Ted makes an interesting point, and it brings up something that periodically bugs me about 0 gauge trains - how do you tell what is or is not authentic in a paint job? The Lionel PS-1's are an excellent example. I have several of them, but I couldn't tell you which of them are prototypical. Now, give me a freight car marked Milwaukee Road and I can usually tell if it's real, or I can look it up in my extensive Milwaukee Road library. But I can't tell you what is or is not real for most of the other railroads, and to have a library where you could look up that information for all the Class 1 railroads would be inconceivably expensive and take up an impossible amount of space. I don't mind the occasional fantasy color scheme - but I'd sure like to know what I'm getting.

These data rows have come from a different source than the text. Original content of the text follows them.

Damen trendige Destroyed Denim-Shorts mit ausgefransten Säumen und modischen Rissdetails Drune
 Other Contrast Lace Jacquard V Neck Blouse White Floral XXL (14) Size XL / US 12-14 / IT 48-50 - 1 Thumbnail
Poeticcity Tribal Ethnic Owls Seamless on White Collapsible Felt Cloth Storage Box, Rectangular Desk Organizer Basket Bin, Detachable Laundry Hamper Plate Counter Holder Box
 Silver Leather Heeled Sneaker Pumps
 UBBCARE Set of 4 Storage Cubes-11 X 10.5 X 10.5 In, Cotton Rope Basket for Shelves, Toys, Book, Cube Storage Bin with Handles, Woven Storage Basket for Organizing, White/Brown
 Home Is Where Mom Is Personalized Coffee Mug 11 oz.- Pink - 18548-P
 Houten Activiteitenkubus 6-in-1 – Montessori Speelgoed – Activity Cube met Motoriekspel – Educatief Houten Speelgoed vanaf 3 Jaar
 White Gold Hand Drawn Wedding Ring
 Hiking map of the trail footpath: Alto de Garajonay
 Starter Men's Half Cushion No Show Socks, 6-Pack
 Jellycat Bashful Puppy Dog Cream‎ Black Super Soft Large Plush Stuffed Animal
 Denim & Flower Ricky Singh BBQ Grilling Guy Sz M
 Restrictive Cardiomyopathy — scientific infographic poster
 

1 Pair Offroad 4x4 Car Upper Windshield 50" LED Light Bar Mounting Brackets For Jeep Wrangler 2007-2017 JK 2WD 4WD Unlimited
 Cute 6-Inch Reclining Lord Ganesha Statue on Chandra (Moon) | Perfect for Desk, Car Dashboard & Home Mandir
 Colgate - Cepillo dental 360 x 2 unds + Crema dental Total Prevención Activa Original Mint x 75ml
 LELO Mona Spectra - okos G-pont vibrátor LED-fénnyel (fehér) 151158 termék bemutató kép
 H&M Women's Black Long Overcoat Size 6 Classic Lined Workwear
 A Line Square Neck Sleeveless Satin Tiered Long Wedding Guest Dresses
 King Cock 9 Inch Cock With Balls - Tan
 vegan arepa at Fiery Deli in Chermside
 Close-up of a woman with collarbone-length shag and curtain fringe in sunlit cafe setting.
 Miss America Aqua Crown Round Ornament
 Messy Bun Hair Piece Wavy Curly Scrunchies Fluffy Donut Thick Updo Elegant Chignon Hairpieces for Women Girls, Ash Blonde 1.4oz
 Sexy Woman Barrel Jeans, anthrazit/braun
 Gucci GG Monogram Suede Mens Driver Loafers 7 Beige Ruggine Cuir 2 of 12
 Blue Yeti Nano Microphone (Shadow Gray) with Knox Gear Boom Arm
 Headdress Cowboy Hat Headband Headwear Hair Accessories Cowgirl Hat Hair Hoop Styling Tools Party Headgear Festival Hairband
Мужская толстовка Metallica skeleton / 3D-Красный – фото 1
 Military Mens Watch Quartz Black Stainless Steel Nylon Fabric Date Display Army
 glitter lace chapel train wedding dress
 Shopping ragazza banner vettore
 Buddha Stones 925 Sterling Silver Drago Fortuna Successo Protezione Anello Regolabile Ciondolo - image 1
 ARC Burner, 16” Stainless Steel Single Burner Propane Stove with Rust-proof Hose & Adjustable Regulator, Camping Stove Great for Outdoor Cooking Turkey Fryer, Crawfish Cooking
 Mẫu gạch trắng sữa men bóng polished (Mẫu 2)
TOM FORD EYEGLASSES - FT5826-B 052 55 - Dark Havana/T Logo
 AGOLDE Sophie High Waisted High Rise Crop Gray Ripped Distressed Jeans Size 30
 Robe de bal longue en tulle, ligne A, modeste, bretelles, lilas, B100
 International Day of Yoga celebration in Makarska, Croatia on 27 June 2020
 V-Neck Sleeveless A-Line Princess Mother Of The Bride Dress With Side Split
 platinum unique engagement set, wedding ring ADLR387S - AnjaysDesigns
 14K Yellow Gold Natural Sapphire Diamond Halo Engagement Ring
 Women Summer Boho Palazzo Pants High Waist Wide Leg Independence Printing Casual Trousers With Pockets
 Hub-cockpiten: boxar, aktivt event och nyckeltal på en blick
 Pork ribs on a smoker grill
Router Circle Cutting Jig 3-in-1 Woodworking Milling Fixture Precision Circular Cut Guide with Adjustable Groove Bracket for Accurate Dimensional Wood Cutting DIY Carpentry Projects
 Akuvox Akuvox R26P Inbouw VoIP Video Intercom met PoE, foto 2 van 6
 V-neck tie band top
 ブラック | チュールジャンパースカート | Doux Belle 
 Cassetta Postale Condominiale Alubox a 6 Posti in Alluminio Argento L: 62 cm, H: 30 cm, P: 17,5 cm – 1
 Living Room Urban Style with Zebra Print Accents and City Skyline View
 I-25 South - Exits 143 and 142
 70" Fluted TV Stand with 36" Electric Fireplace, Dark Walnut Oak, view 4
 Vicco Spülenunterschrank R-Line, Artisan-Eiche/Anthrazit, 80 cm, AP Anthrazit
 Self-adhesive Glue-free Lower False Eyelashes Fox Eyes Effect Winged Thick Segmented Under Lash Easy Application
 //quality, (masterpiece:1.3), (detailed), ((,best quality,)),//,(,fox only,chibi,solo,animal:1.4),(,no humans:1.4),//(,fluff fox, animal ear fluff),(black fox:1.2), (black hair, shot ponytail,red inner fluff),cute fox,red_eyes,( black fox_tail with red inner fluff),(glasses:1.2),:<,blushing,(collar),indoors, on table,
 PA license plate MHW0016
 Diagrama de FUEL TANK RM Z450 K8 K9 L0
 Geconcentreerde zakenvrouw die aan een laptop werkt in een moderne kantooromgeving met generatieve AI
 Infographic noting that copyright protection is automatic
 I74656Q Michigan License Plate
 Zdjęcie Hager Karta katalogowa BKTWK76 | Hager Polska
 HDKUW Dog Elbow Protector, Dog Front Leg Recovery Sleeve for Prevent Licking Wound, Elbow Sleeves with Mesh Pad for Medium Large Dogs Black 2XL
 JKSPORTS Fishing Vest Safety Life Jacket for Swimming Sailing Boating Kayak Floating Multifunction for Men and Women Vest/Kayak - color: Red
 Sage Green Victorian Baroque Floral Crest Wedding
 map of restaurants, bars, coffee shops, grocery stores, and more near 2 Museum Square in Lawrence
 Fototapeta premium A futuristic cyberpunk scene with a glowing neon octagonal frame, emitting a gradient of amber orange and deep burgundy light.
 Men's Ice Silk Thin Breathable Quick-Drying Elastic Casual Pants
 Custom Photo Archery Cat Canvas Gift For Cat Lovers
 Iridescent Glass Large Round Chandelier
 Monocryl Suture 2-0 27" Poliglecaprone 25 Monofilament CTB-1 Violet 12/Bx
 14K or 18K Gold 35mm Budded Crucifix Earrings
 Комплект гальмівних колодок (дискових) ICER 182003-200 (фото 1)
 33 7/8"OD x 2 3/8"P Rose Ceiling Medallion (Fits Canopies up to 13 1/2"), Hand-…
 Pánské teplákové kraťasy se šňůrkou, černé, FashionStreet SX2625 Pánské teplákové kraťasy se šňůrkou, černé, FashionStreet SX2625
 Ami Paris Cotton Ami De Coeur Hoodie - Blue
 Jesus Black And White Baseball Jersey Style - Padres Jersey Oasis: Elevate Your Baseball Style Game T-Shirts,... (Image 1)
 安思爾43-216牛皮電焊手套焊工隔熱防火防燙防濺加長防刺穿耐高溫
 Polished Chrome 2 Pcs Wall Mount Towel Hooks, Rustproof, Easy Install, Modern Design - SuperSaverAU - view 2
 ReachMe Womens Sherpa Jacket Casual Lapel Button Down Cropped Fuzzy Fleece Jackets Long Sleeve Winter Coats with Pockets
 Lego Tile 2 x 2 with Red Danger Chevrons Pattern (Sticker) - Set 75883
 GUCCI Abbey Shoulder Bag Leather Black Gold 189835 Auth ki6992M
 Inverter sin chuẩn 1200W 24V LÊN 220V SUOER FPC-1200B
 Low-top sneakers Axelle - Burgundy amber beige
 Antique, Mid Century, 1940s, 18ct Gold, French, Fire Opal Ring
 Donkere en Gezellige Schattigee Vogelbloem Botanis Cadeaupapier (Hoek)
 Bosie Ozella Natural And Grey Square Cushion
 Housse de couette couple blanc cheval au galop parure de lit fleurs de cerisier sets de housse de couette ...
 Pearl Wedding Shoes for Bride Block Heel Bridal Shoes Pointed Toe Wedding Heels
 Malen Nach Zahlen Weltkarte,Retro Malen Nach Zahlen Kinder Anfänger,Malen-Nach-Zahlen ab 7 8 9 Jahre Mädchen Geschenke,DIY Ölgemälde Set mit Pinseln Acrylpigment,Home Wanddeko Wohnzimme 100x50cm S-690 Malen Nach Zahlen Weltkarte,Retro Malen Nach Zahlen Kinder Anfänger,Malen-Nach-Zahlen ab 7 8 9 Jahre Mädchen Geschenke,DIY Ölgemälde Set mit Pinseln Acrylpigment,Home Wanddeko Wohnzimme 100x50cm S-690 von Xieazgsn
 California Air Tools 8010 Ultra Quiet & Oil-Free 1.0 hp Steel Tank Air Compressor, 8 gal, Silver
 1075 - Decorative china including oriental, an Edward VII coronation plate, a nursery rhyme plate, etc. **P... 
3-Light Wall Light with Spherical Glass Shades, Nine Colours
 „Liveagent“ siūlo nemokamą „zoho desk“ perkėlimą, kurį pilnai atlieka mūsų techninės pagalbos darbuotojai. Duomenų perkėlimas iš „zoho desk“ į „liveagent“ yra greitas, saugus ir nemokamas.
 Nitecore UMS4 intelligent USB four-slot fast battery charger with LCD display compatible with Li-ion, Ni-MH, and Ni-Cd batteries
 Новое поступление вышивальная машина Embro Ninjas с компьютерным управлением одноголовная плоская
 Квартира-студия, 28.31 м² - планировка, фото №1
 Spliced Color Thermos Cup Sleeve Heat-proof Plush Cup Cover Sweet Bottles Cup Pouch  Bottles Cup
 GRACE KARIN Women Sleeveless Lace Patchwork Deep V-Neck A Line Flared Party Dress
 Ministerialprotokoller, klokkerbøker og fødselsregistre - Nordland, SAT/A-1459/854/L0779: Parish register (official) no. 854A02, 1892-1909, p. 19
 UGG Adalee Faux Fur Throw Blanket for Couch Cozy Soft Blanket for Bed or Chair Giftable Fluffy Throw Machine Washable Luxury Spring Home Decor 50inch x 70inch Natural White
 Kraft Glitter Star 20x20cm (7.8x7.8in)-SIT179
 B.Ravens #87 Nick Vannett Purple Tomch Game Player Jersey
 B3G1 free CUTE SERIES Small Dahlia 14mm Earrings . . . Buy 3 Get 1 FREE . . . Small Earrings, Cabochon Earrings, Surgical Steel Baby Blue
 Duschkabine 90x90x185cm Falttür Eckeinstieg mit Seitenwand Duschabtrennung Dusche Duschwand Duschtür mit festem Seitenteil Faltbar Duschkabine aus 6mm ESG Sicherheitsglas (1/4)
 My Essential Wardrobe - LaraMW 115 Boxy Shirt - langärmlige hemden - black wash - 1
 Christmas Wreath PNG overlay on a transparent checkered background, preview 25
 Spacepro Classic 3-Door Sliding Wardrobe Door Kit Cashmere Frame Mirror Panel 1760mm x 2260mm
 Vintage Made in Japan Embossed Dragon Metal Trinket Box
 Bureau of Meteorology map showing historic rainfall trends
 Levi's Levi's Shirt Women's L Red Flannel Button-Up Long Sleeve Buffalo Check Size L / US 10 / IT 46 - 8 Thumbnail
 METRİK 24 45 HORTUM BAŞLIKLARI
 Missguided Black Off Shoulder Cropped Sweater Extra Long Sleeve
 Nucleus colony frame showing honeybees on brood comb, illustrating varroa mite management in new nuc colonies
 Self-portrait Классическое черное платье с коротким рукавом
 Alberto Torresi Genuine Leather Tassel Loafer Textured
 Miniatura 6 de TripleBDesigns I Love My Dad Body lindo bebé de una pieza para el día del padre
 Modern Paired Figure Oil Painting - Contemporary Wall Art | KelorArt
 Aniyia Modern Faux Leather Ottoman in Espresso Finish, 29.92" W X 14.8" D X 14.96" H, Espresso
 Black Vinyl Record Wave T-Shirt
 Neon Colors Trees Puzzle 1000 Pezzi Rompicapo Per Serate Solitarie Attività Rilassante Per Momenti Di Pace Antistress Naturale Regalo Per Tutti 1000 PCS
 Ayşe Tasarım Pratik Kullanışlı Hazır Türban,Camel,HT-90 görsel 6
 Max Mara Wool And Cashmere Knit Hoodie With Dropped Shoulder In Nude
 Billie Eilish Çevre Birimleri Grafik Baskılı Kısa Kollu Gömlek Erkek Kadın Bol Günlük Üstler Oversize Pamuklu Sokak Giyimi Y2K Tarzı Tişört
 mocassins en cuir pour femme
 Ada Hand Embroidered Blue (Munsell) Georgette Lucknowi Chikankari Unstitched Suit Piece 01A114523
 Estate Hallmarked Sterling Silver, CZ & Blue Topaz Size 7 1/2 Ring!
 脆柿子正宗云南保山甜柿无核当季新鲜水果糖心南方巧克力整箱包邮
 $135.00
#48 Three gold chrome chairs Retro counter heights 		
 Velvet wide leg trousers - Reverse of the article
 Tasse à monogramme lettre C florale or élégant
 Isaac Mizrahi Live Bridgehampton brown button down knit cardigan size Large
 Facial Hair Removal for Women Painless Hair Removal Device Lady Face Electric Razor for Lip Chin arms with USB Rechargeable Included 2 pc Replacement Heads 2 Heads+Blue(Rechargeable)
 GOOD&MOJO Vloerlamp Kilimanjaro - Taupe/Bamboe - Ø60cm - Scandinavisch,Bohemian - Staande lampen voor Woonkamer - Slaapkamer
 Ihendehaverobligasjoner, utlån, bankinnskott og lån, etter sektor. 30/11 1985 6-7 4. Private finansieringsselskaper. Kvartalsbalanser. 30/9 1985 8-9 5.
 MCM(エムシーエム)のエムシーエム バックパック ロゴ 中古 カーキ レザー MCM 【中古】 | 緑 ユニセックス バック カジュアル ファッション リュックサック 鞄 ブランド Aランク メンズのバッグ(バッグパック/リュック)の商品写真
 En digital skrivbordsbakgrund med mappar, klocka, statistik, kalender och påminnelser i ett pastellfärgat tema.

Atlas is, to the best of my knowledge, the only 0 gauge train builder that verifies all of its paint jobs to be correct. They will paint anything on custom runs, but their own issues are at least claimed to be 100% prototypical. I know they are diligent about that, because I worked with them on the Milwaukee Road version of the extended vision caboose and it is the only fully correct Milwaukee EV caboose, although Lionel, MTH, and K-Line have all made the same caboose with varying degrees of authenticity.
I wish Lionel, MTH, etc. would include a little note with each car about the prototypical authenticity of the item - e.g. fully prototypical, prototypical for a different car (say, a paint job on a 40' single door car that in the real world was applied only to a 50' double door), complete fantasy, etc. But I don't think that's going to happen any time soon.